Aber warum nicht die Beschränkungen als Chance nehmen, um Möglichkeiten zu nutzen, die wir sonst zum Beispiel in der Verkündigung nicht haben. Wenn Sie schon in den letzten Tagen den Gottesdienst hier im Dom über den Livestream mitgefeiert haben, dann haben Sie gemerkt, dass die Verantwortlichen für die Übertragung Ihnen zwischendurch Bilder aus dem Dom anbieten, die Sie daheim zur Meditation und zum Gebet anregen wollen.

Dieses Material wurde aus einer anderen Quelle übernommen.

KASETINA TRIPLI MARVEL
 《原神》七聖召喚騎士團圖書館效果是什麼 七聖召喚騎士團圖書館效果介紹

Ich möchte das auch für die Karfreitagspredigt nutzen und Ihren Blick lenken auf ein Bild, das sich in unserem Dom befindet und uns helfen kann, die Botschaft des Karfreitags tiefer zu verstehen. Das Bild befindet sich hier vorne auf der Altarinsel, eingeritzt wie eine Art Relief. Daher ist es in der Regel für die Besucher des Domes nur schwer zu entdecken.
Es ist übrigens nicht das einzige Bild auf der Altarinsel. Im Gegenteil: Es findet sich eine Vielzahl von verschiedenen Motiven in den Stein eingemeißelt. Es sind Bilder aus der Heilsgeschichte: Die Erschaffung von Adam und Eva, die Vertreibung aus dem Paradies, der Bau der Arche, die Sandalen des Mose … Aber da finden sich auch Bilder aus der griechischen Sagenwelt: Das Labyrinth und Orpheus, den sagenumwobenen Sänger und Saitenspieler, der mit seiner Musik nicht nur die Herzen der Menschen berührte, sondern angeblich auch wilde Tiere zähmen, ja sogar die Herrscher der Unterwelt erweichen konnte.

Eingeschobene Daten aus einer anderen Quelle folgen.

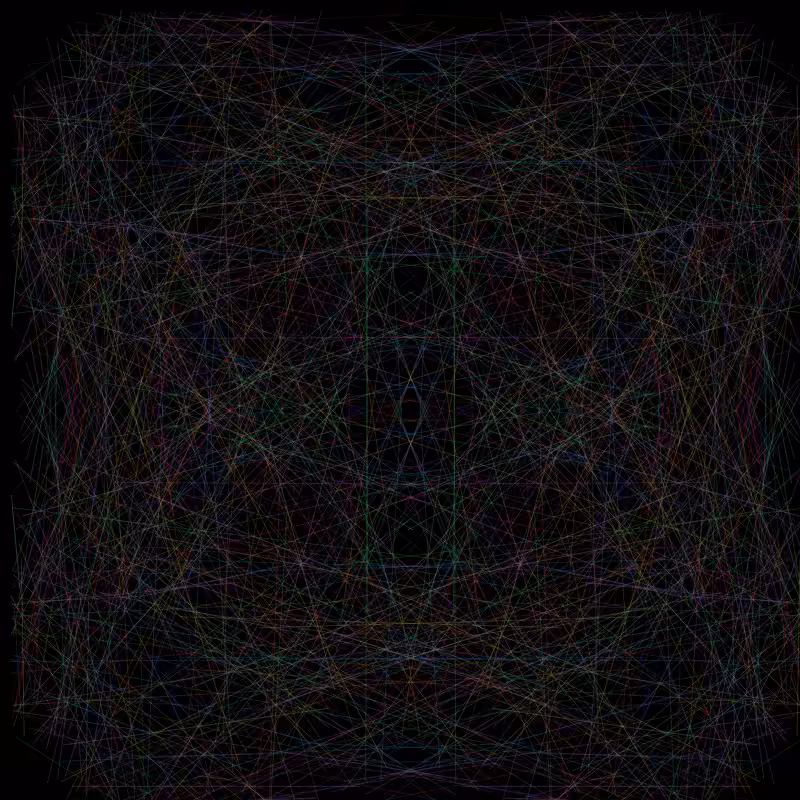 LINES OF JOY #63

2. Und es findet sich auf unserer Altarinsel auch das Bild von Odysseus, dem Kämpfer von Troja, der nach der Erzählung des griechischen Dichters Homer erst nach einer zehnjährigen Irrfahrt, eben „Odyssee“, wieder in der Heimat ankommt.
Zu den vielen Gefahren, die Odysseus mit seinen Gefährten zu bestehen hat, gehört auch die Begegnung mit den sogenannten Sirenen, jenen Fabelwesen, die auf Klippen am Meer hausten und verführerisch und gefährlich zugleich waren (12. Gesang). Durch ihren Gesang versuchten sie, alle vorüberfahrenden Schiffer anzulocken und sie in den Tod zu stürzen.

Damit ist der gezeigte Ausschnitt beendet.